PROBLEM:
For every record beneath this instruction, give an exact repetition, omitting images.

[Dataset entries]
┌────────

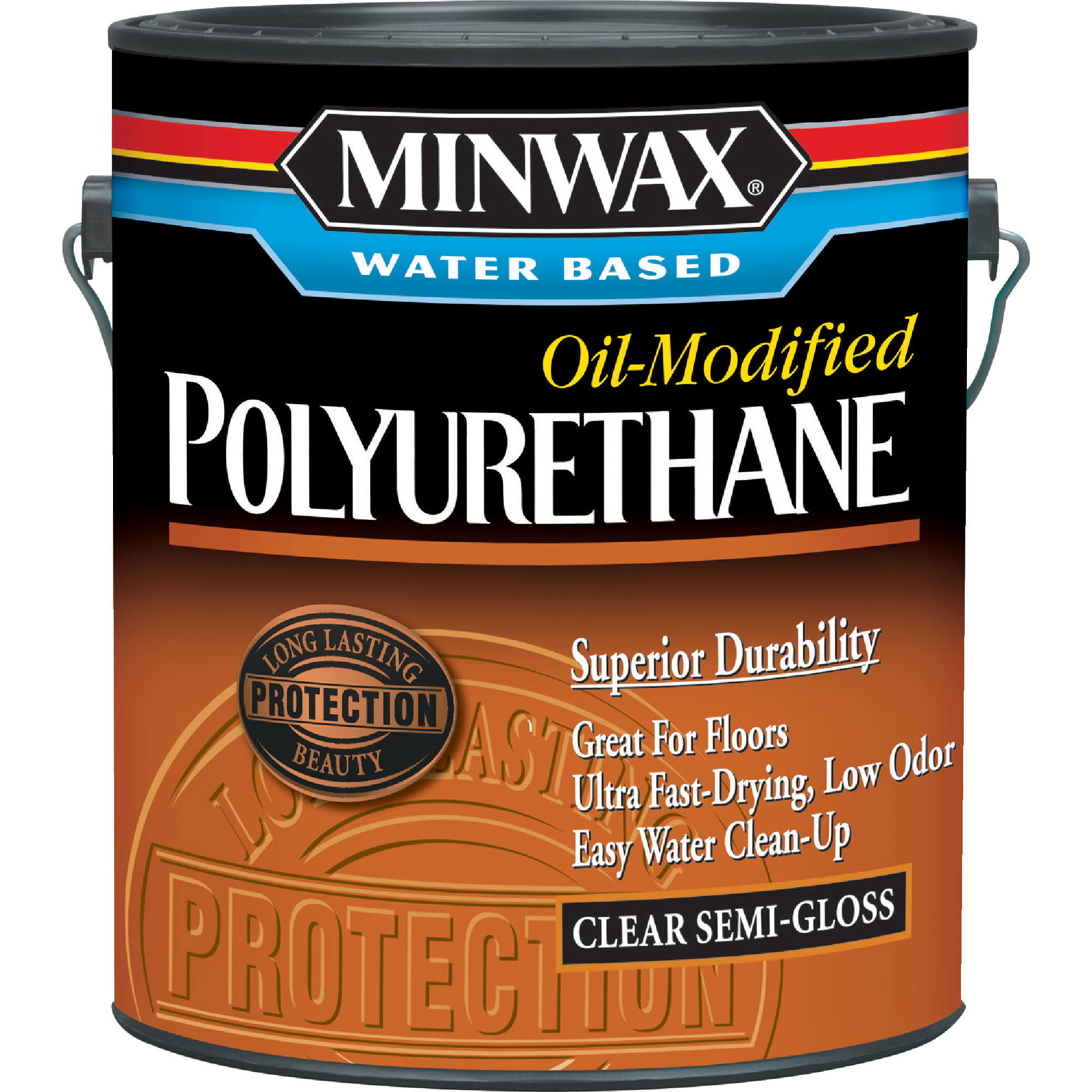 Minwax Water Based Oil-Modified Polyurethane 1 Gallon Semi-Gloss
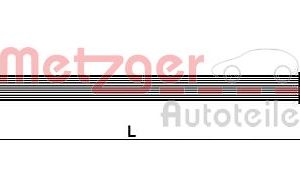 Furtun frana METZGER 4110833 – KIA | AutoRival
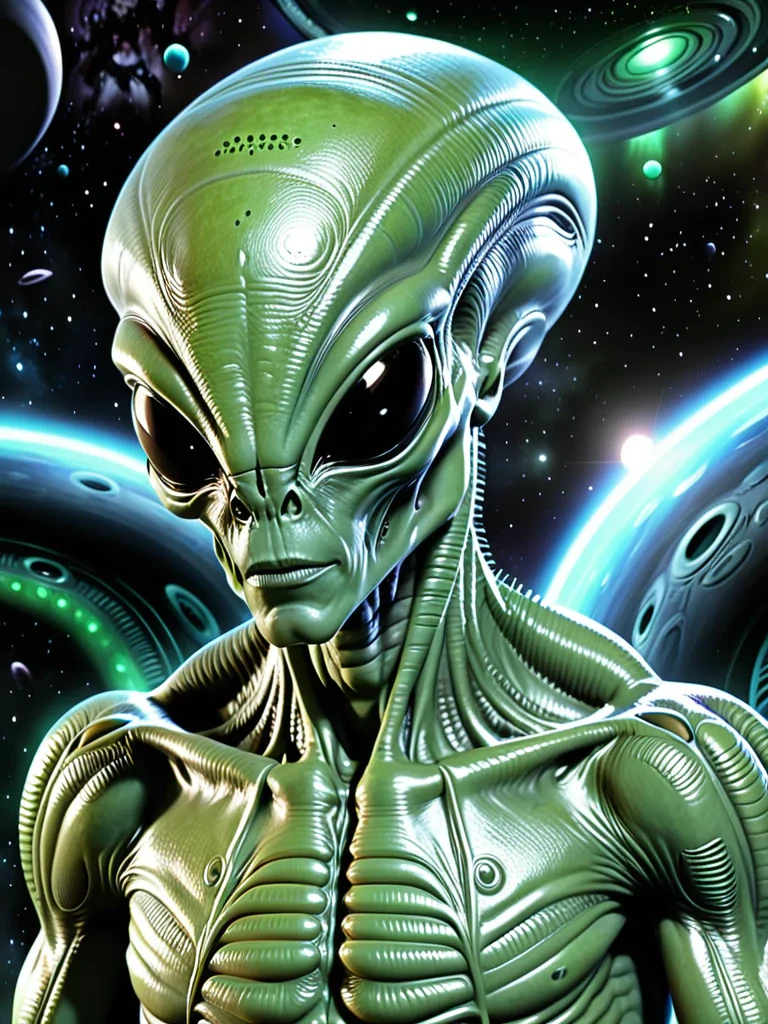 alien background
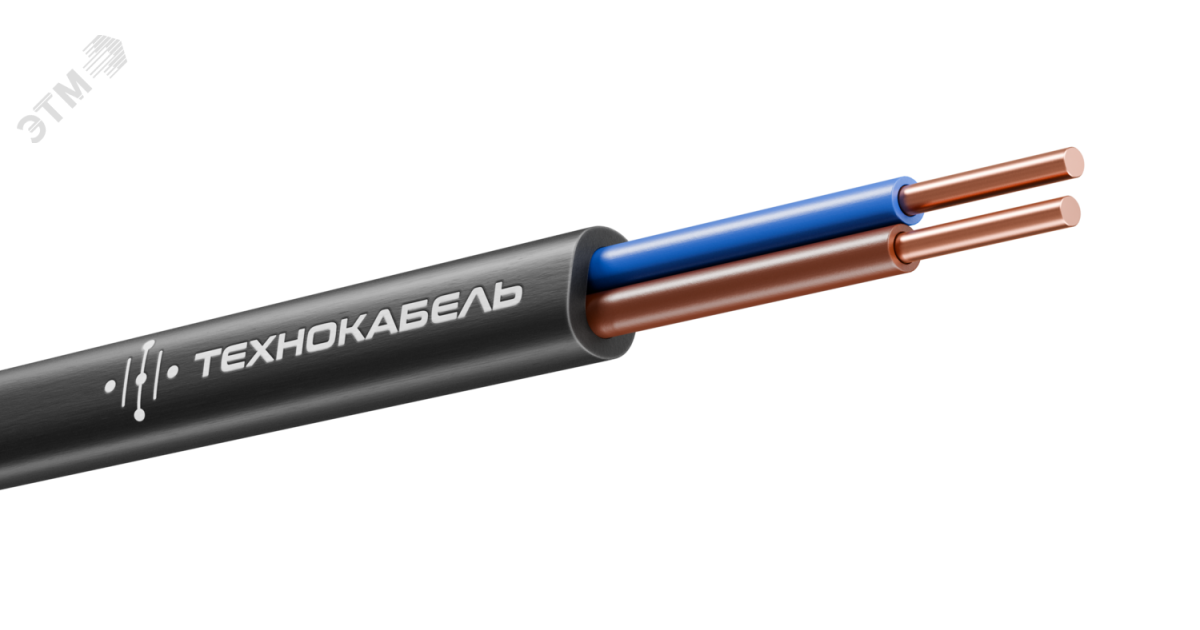 Купить Кабель ВВГ-Пнг(А)-LSLTx 2х1.5 ОК (N) 0.66кВ (уп.100м) 00-00148524 Технокабель оптом в Москве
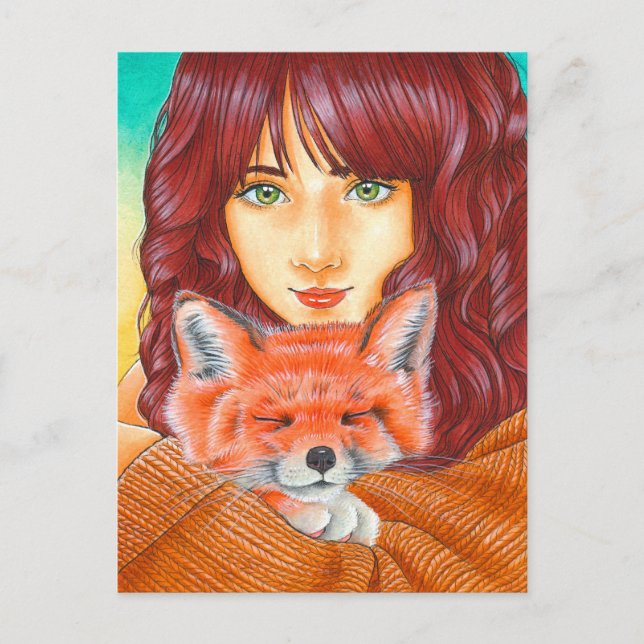 "Red Velvet" postcard Helg Vykort (Framsida)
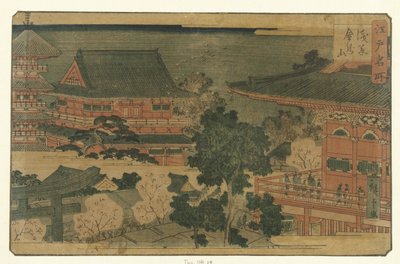De Kinryuzan Tempel Te Asakusa Asakusa Kinryuzan Bellow m de paazen in edo Edo meisho av Hiroshige (II) , Utagawa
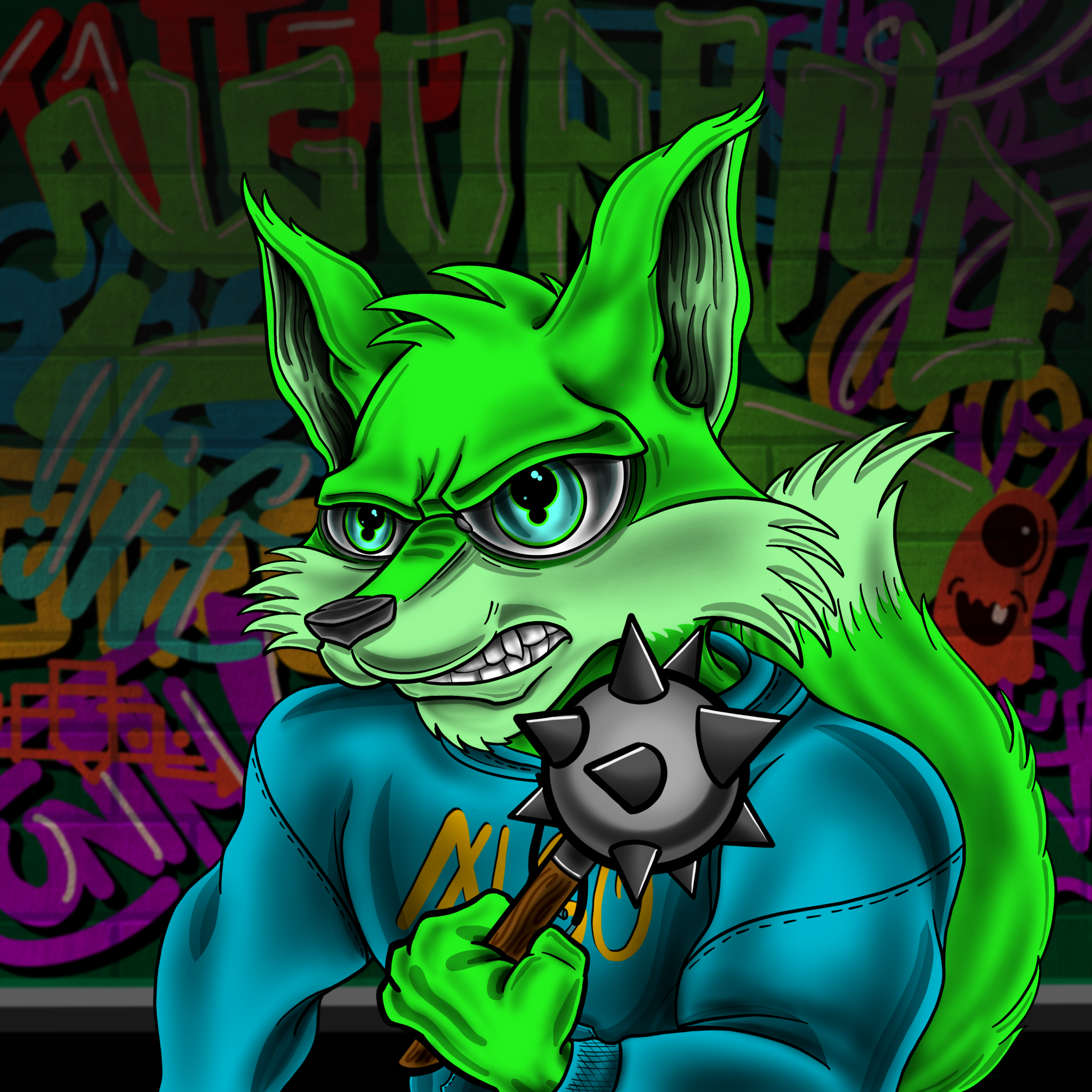 AlgoFoxCREW #48 NFT on Algorand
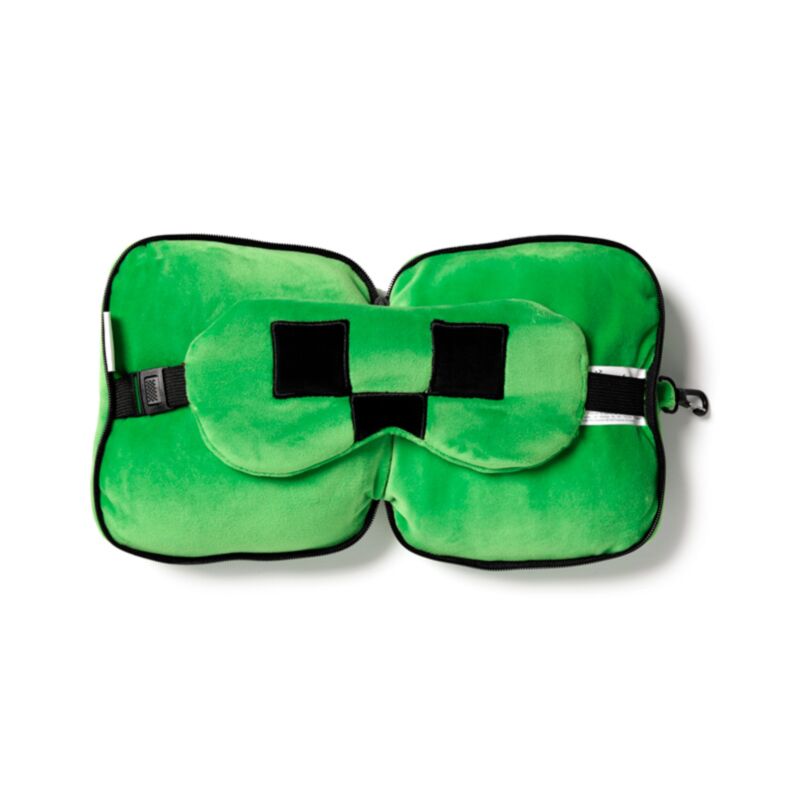 Union relaxeazzz minecraft creeper rond reiskussen slaapmasker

└────────

ANSWER BOX:
 Minwax Water Based Oil-Modified Polyurethane 1 Gallon Semi-Gloss
 Furtun frana METZGER 4110833 – KIA | AutoRival
 alien background
 Купить Кабель ВВГ-Пнг(А)-LSLTx 2х1.5 ОК (N) 0.66кВ (уп.100м) 00-00148524 Технокабель оптом в Москве
 "Red Velvet" postcard Helg Vykort (Framsida)
De Kinryuzan Tempel Te Asakusa Asakusa Kinryuzan Bellow m de paazen in edo Edo meisho av Hiroshige (II) , Utagawa
 AlgoFoxCREW #48 NFT on Algorand
 Union relaxeazzz minecraft creeper rond reiskussen slaapmasker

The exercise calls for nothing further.